LVS passes — GDS and netlist tiling must match exactly
DRC passes — abutment boundaries must be clean at every process node's design rules
All output views are consistent — the .lib timing model, the Verilog behavioral model, the SPICE netlist, and the GDS all describe the same circuit

Why Not Just Write a Script?

A script-based flow (e.g., using Tcl or Python) is a common initial approach for structural assembly. While functional for simple cases, it introduces specific limitations as complexity scales:

Problem	Why a script struggles
Multiple output formats	Each format has different tiling logic; keeping them in sync manually is error-prone
LVS correctness	A single off-by-one in row numbering silently produces an LVS mismatch across thousands of nets
New configurations	Adding a new mux ratio or port combination requires touching tiling logic in every format independently
Regression safety	No shared data model means a fix in GDS tiling doesn't automatically propagate to netlist tiling
Bitcell swap	Changing the leaf cell requires hunting down every hardcoded assumption across every format script

The last point deserves emphasis. In a script-based flow, the bitcell's geometry and netlist structure leak into the tiling logic — net names, transistor counts, pin locations get hardcoded. Swap a 6T cell for an 8T cell, and the script breaks in multiple places simultaneously, across multiple files, in ways that may not be immediately obvious.

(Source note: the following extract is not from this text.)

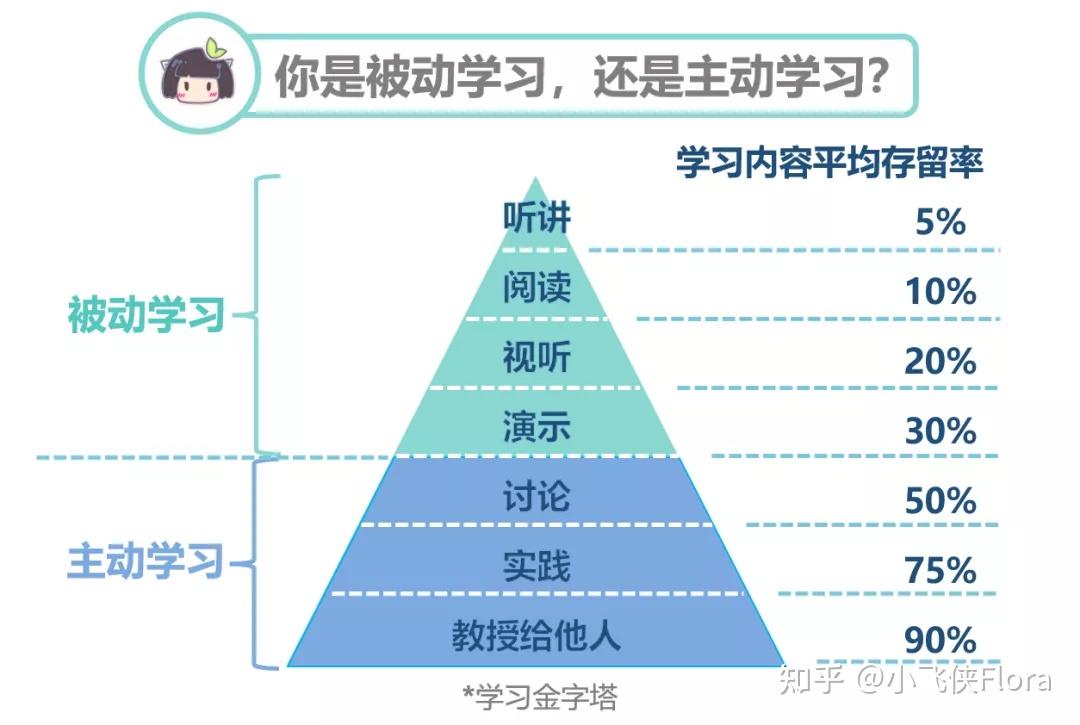 什么是费曼学习法 知乎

A memory compiler treats the bitcell views (GDS, CDL, .lib) as inputs, not assumptions baked into the code. The tiling engine doesn't know or care what's inside the cell — it only knows how to replicate and connect it. Swap the input files, and every output format updates automatically. Consistency is structural, not manual.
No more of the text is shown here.